INSTRUCTIONS FOR THE TASK — Each line of data below is to be returned exactly, leaving out any picture.
THE INPUT Block Start
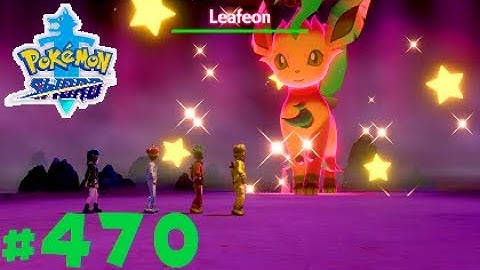 Pokemon Sword Shiny Dynamax Leafeon Raid & Catch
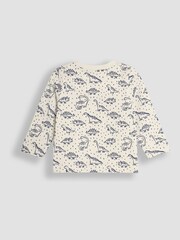 JoJo Maman Bébé Tan Dino Texture Dungarees & Top Set - Image 5 of 6
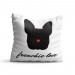 Perna decorativa Frenchie love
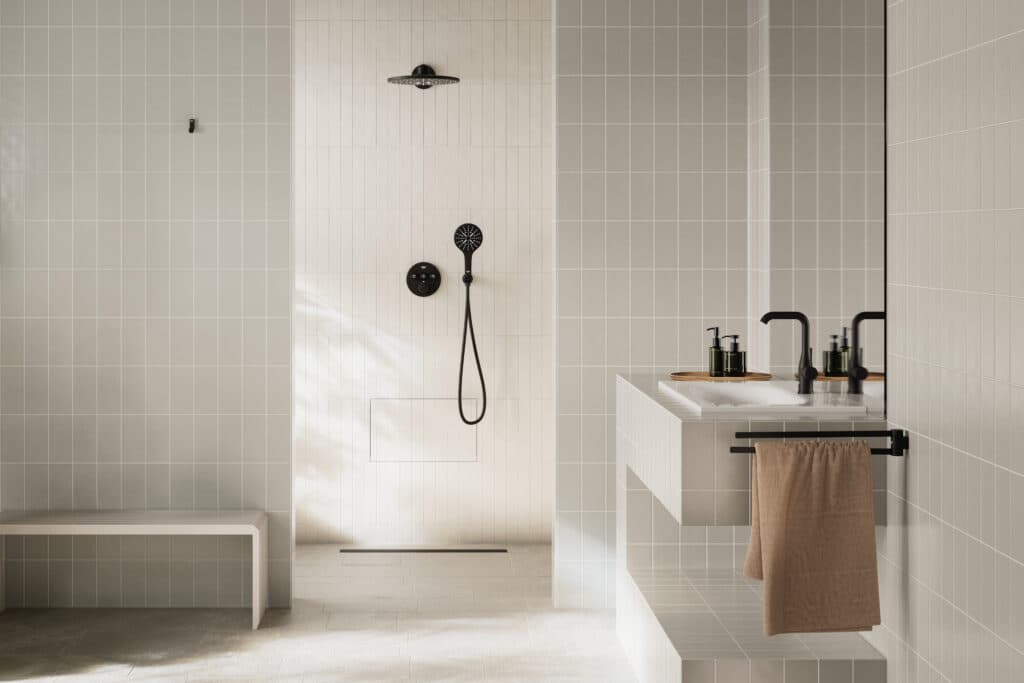 Verborgen held in energie-effiëntie: GROHE Rapido Heat Recovery doucheframe 2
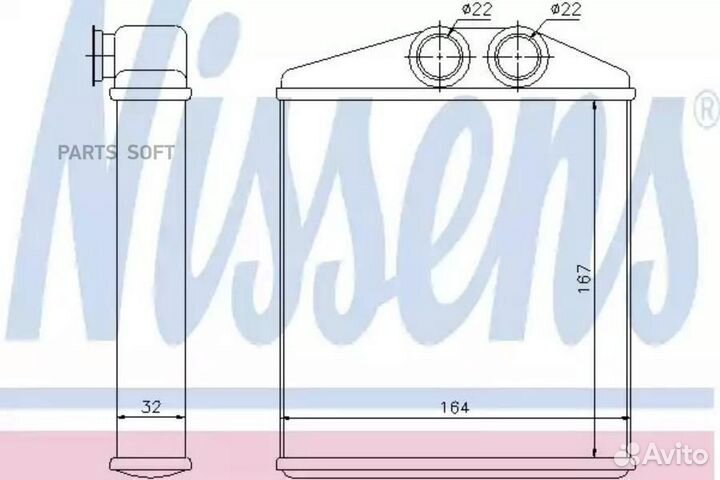 Радиатор отопителя chevrolet corsa (1994) 1.7
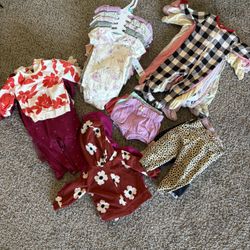 6-9m Baby Girl Clothes 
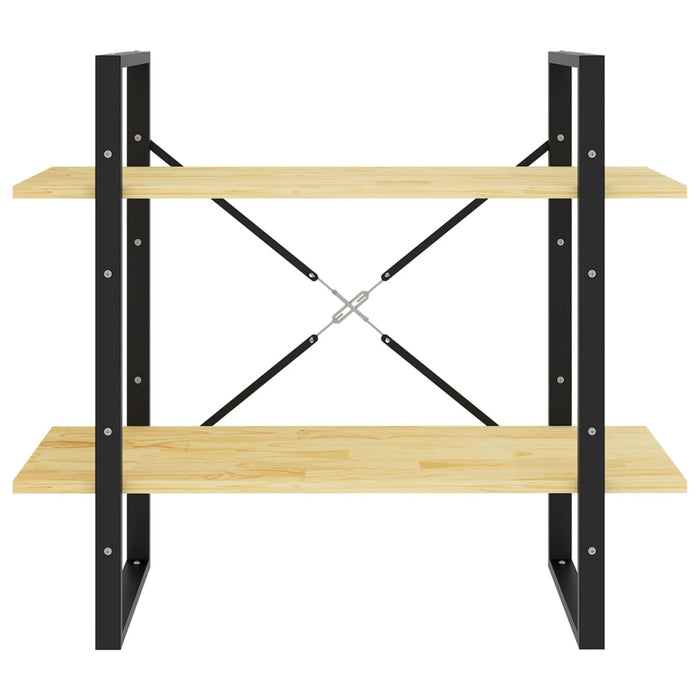 Bibliotecă cu 2 rafturi, 80x30x70 cm, lemn masiv de pin - WALTI WALTI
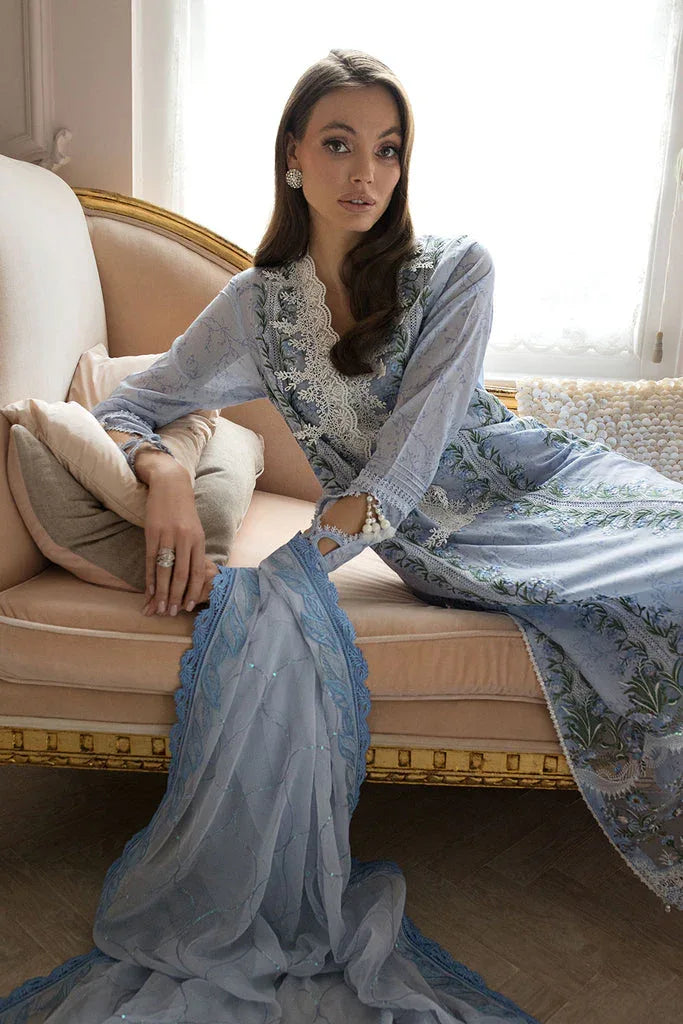 Sobia Nazir | Luxury Lawn 24 | DESIGN 13A - Aqsa Fabrics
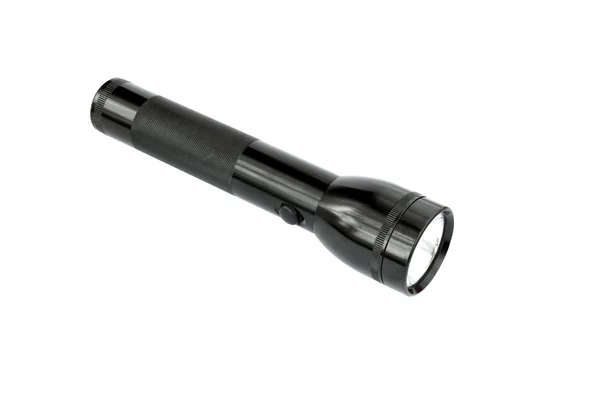 Black flashlight — Stock Photo, Image
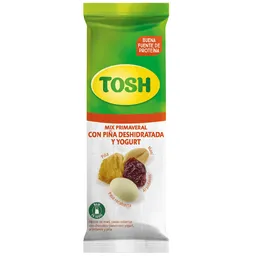 Tosh Snack Primaveral con Piña Deshidrata y Yogurt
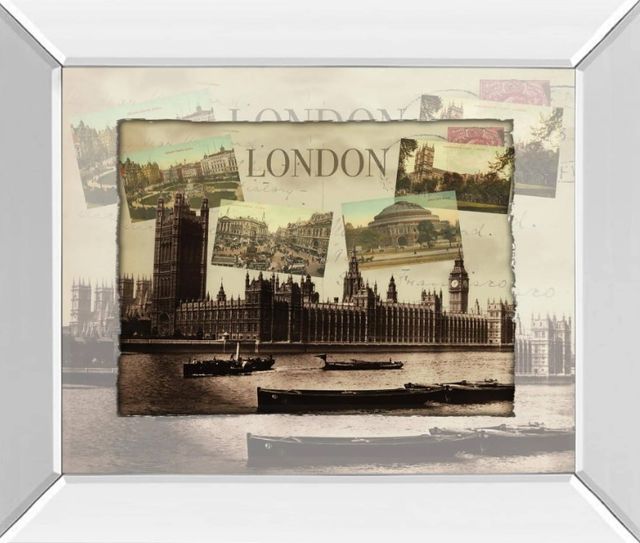 Classy Art London Postcard Framed Wall Art-0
THE INPUT Block End
EXERCISE RESPONSE —
 Pokemon Sword Shiny Dynamax Leafeon Raid & Catch
 JoJo Maman Bébé Tan Dino Texture Dungarees & Top Set - Image 5 of 6
 Perna decorativa Frenchie love
 Verborgen held in energie-effiëntie: GROHE Rapido Heat Recovery doucheframe 2
 Радиатор отопителя chevrolet corsa (1994) 1.7
 6-9m Baby Girl Clothes 
 Bibliotecă cu 2 rafturi, 80x30x70 cm, lemn masiv de pin - WALTI WALTI
 Sobia Nazir | Luxury Lawn 24 | DESIGN 13A - Aqsa Fabrics
 Black flashlight — Stock Photo, Image
 Tosh Snack Primaveral con Piña Deshidrata y Yogurt
 Classy Art London Postcard Framed Wall Art-0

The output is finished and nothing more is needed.